For now, the deal, mediated by the foreign ministers of Germany, Poland and France, appears to have been a victory for Europe in its competition with Moscow for influence.

The European envoys signed the document as witnesses, but a Russian envoy did not. The Russian envoy, Vladimir Lukin, acknowledged that Moscow had fallen behind the EU in the latest diplomacy: “The EU representatives were in their own way trying to be useful, they started the talks.

“We joined the talks later, which wasn’t very right. One should have agreed on the format of the talks right from the start,” Lukin was quoted as saying by Interfax news agency.

Nevertheless, EU foreign policy chief Catherine Ashton acknowledged that implementing the accord would be “very challenging”. Ukraine is bitterly divided and near bankruptcy.

A Reuters correspondent at the signing in the presidential headquarters said Yanukovych, 63, a towering former Soviet regional transport official with two con­victions for assault, did not smile during a ceremony lasting several minutes.

Opposition leader Vitaly Klitschko, a retired world boxing champion, switched his nameplate to avoid sitting next to the President.

Polish Foreign Minister Radoslaw Sikorski described the agreement as a “good compromise for Ukraine”. In a post on Twitter, he said it “gives peace a chance. Opens the way for reform and to Europe”. It fell to Sikorski to sell the deal to the sceptical Opposition.

ITN Video filmed outside a meeting room during a break in the talks showed Sikorski pleading with Opposition delegates to accept it: “If you don’t support this, you’ll have martial law, you’ll have the army, you’ll all be dead.”

Anti-government protesters remained encamped in Kiev’s central Independence Square, known as the Maidan or “Euro-Maidan”, and scene of the bloodshed this week.

Shortly after the signing ceremony, an open coffin carrying one of the dead from Thursday’s violence, was borne across the square as a bare-chested drummer beat out a funeral tattoo with people chanting “Heroes don’t die! Bandits out!”

Some car horns hooted and fireworks were lit to celebrate the accord, but many activists were suspicious, noting that Yanukovych had cut deals before and was still in office.

“He has to go today.
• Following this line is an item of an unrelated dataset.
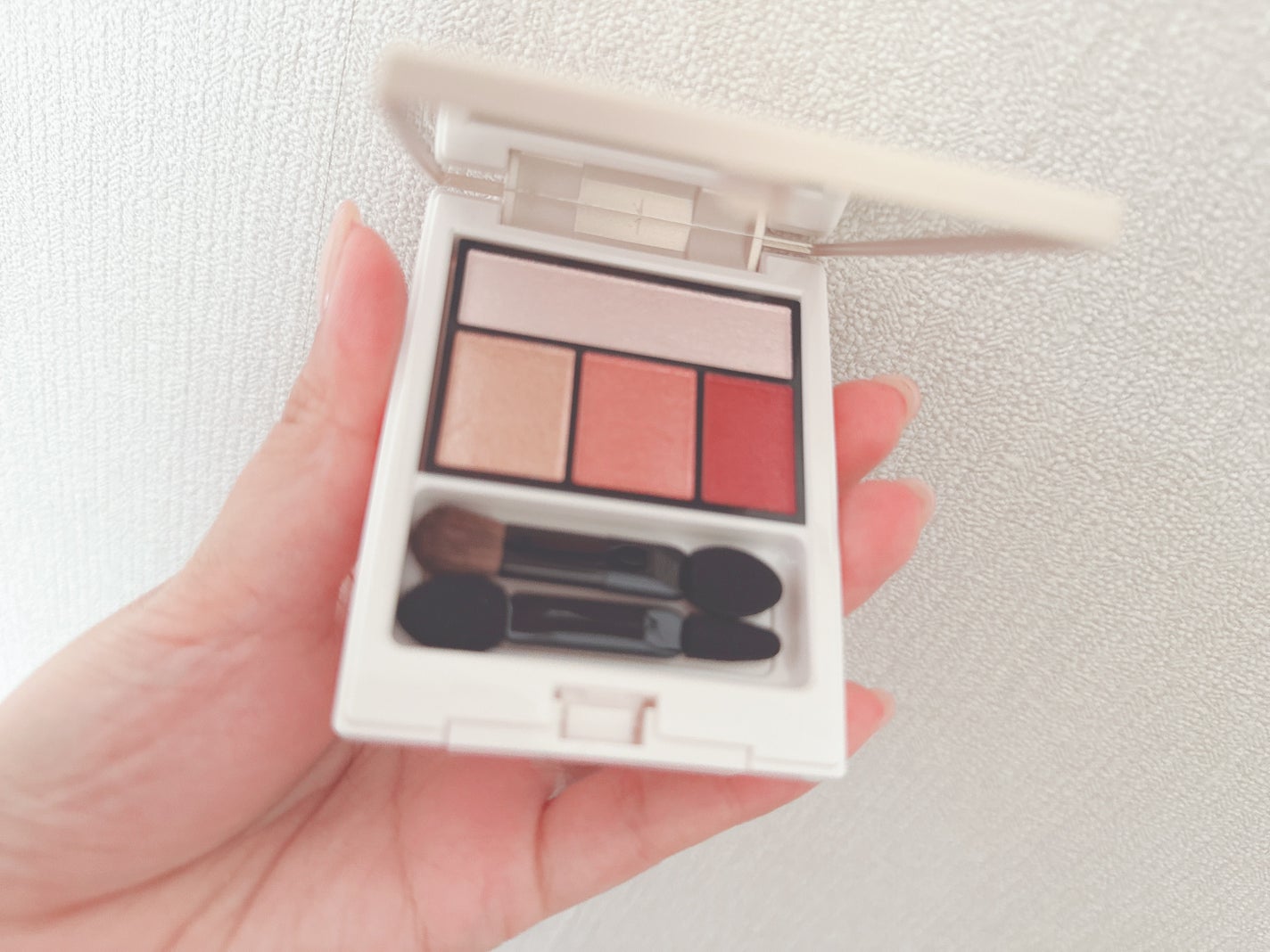 ドナチェーレ アイカラー/シャンソン化粧品/アイシャドウパレットを使ったクチコミ(2枚目)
We won’t accept elections. He gave the order to kill, so how can we live with him now until December?” said Vasily Zakharo, 40, from the western Lviv region.

“That’s our opinion and that’s the decision of the Maidan.”

Zakharo came to Kiev four days ago to join the uprising. He shaved, packed a bag, took a baseball bat and left a note for his wife. “I called her when I got here. She cried, of course.”

Earlier in the day, armed police briefly entered the parliament building while lawmakers were in emergency session but were quickly ejected. Members traded punches when speaker Volodymyr Rybak tried to adjourn proceedings.

If fully implemented, the deal would be a severe setback for Putin, who had made tying Ukraine into a Moscow-led Eurasian Union a cornerstone of his efforts to reunite as much as possible of the former Soviet Union.

Alexei Pushkov, head of Russia’s State Duma foreign affairs committee and a member of Putin’s United Russia party, said the accord was positive if it ended the violence.